----- GIVEN ENTRIES

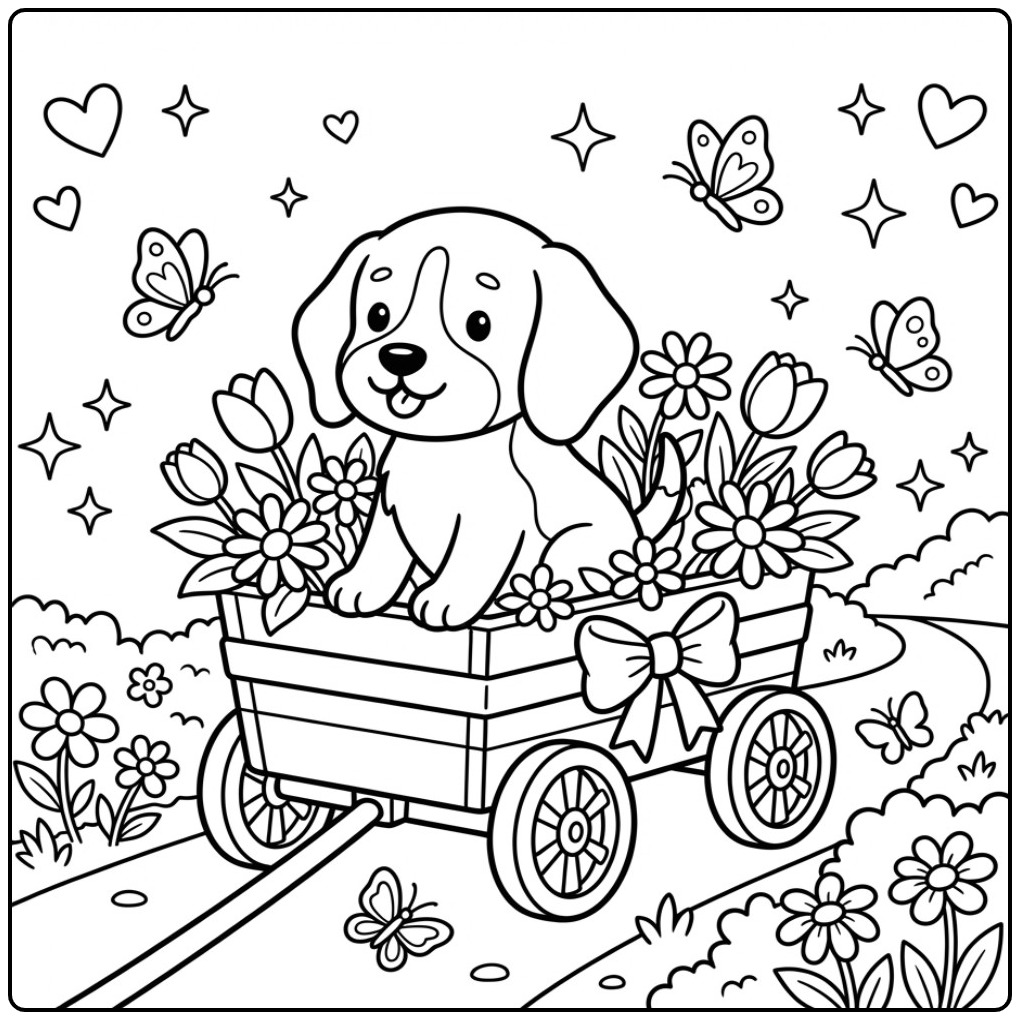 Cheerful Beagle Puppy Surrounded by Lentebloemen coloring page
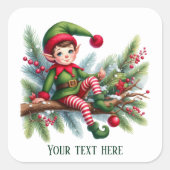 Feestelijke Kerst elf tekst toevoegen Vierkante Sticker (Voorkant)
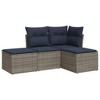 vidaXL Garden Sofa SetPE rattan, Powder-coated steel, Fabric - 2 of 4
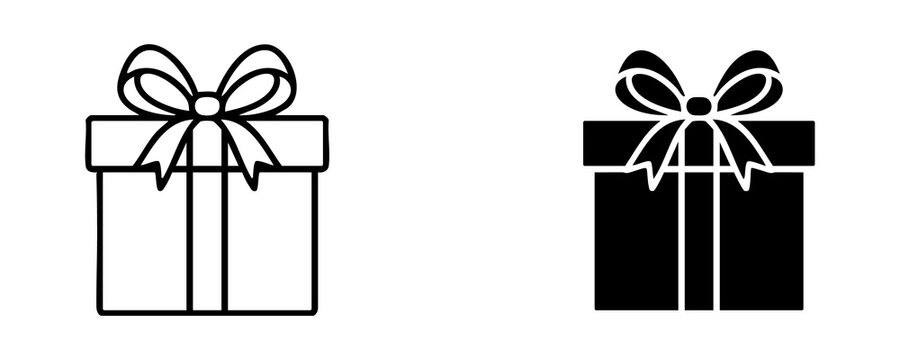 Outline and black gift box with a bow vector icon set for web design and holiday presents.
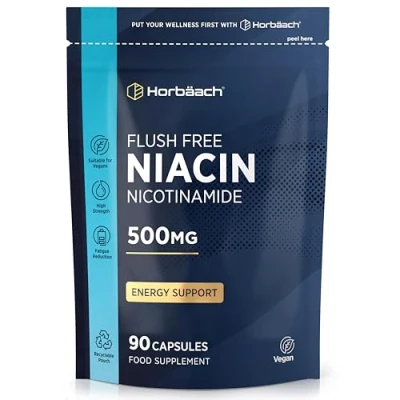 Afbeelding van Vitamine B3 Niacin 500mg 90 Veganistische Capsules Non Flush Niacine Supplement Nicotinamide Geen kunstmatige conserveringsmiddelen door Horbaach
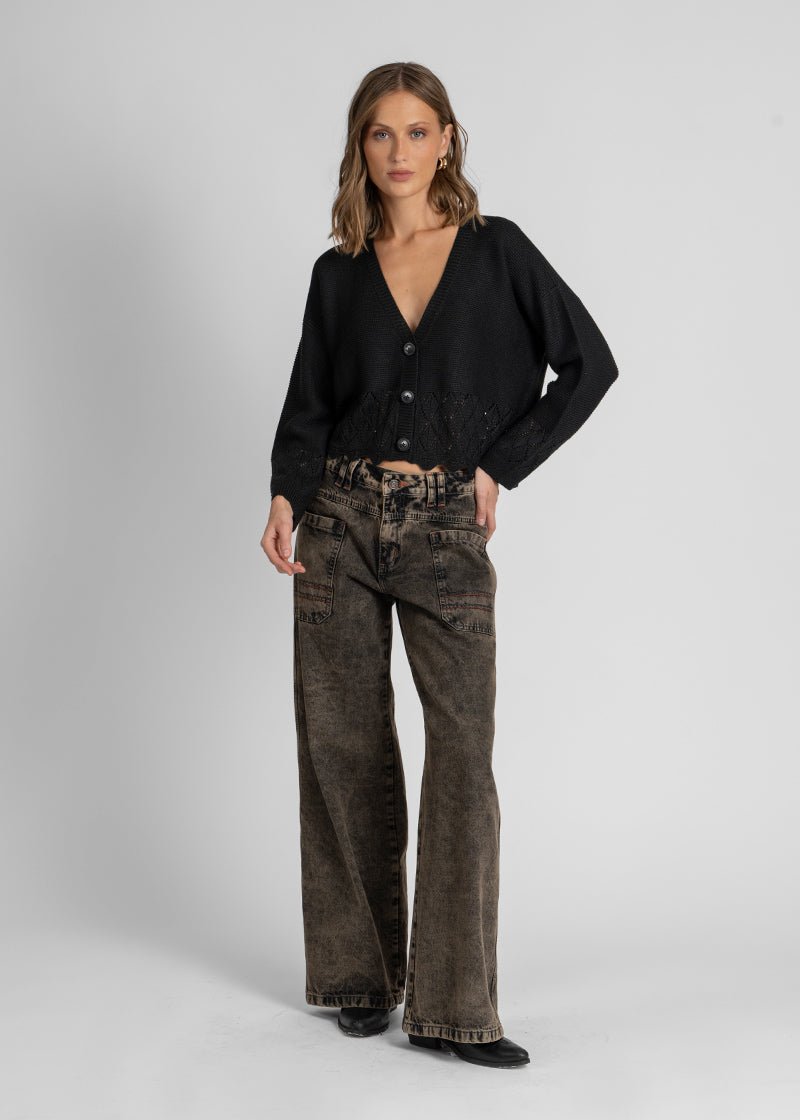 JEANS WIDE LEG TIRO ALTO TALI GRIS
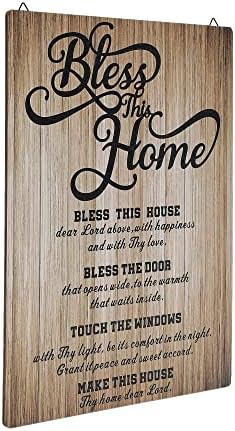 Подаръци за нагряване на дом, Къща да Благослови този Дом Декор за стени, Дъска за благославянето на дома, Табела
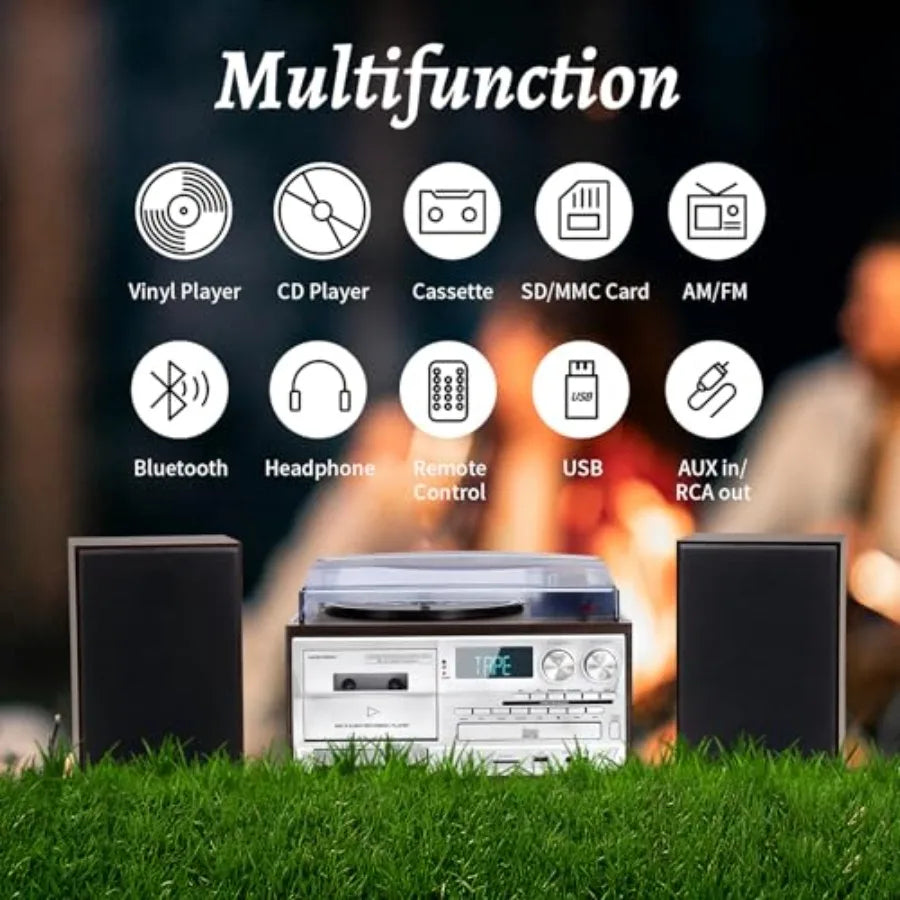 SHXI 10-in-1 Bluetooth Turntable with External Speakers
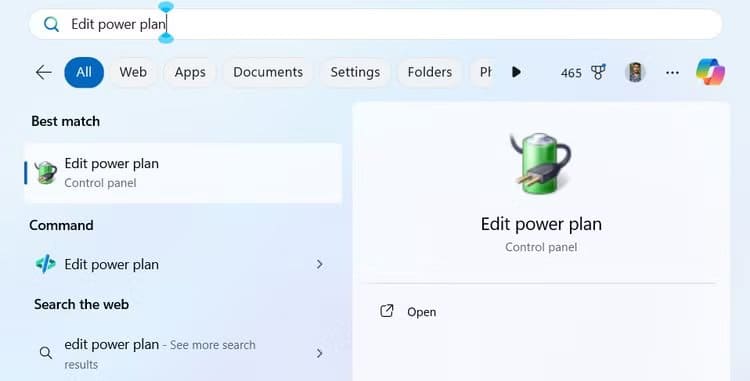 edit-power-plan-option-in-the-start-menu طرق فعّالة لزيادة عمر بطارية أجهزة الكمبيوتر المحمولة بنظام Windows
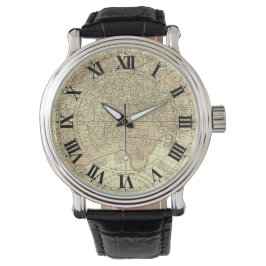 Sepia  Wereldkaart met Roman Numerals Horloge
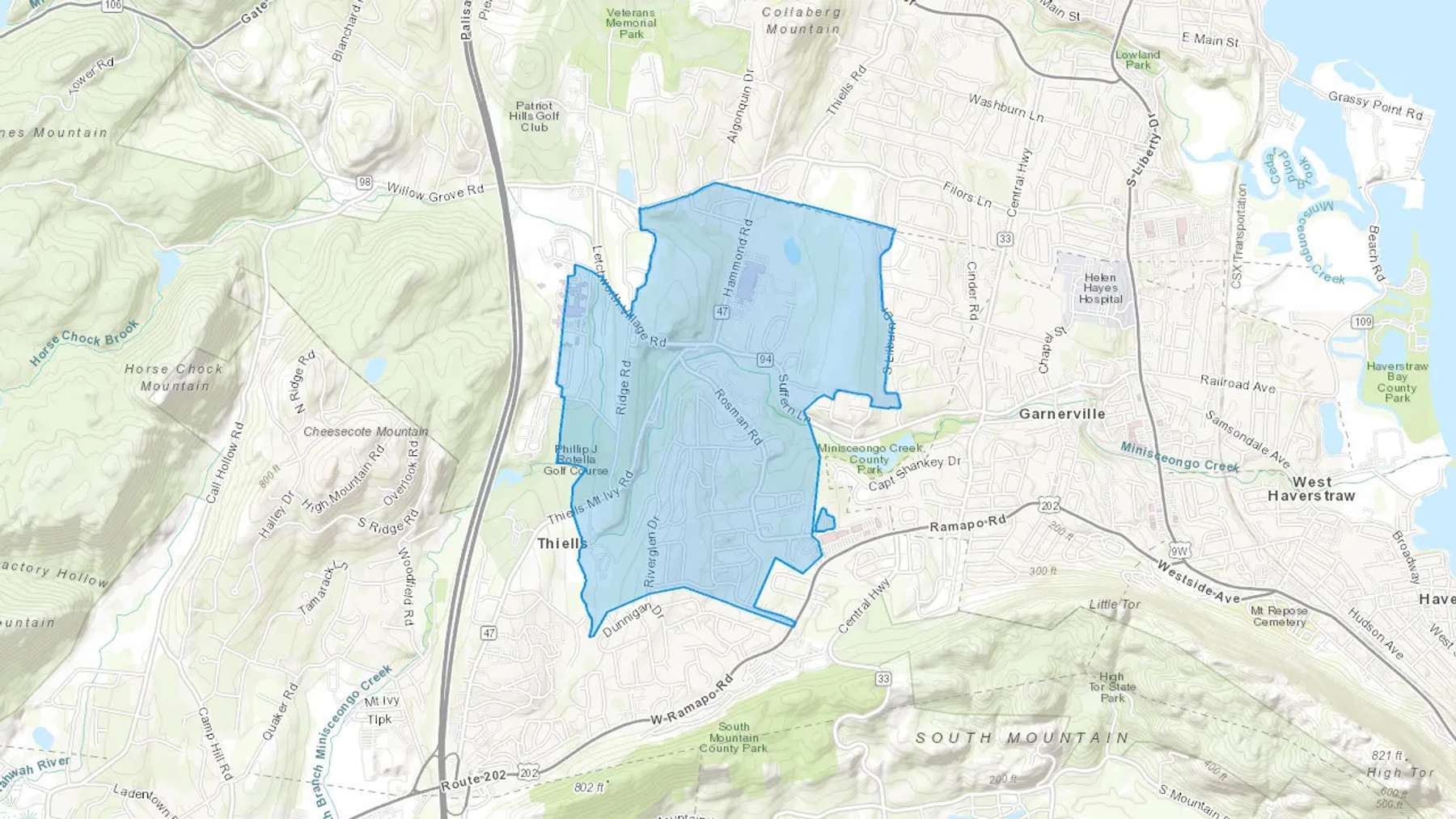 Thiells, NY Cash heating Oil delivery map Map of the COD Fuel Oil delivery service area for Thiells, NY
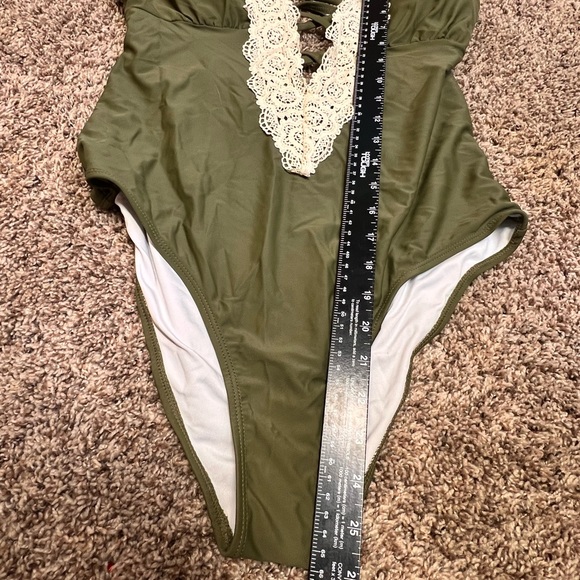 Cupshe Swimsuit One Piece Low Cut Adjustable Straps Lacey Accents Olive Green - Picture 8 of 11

----------

_EXERCISE REQUIREMENTS_
Print each entry above exactly. The pictures should not be printed.

_SOLUTION TO THIS TASK_
 Cheerful Beagle Puppy Surrounded by Lentebloemen coloring page
 Feestelijke Kerst elf tekst toevoegen Vierkante Sticker (Voorkant)
 vidaXL Garden Sofa SetPE rattan, Powder-coated steel, Fabric - 2 of 4
 Outline and black gift box with a bow vector icon set for web design and holiday presents.
 Afbeelding van Vitamine B3 Niacin 500mg 90 Veganistische Capsules Non Flush Niacine Supplement Nicotinamide Geen kunstmatige conserveringsmiddelen door Horbaach
 JEANS WIDE LEG TIRO ALTO TALI GRIS
 Подаръци за нагряване на дом, Къща да Благослови този Дом Декор за стени, Дъска за благославянето на дома, Табела
 SHXI 10-in-1 Bluetooth Turntable with External Speakers
 edit-power-plan-option-in-the-start-menu طرق فعّالة لزيادة عمر بطارية أجهزة الكمبيوتر المحمولة بنظام Windows
 Sepia  Wereldkaart met Roman Numerals Horloge
 Thiells, NY Cash heating Oil delivery map Map of the COD Fuel Oil delivery service area for Thiells, NY
 Cupshe Swimsuit One Piece Low Cut Adjustable Straps Lacey Accents Olive Green - Picture 8 of 11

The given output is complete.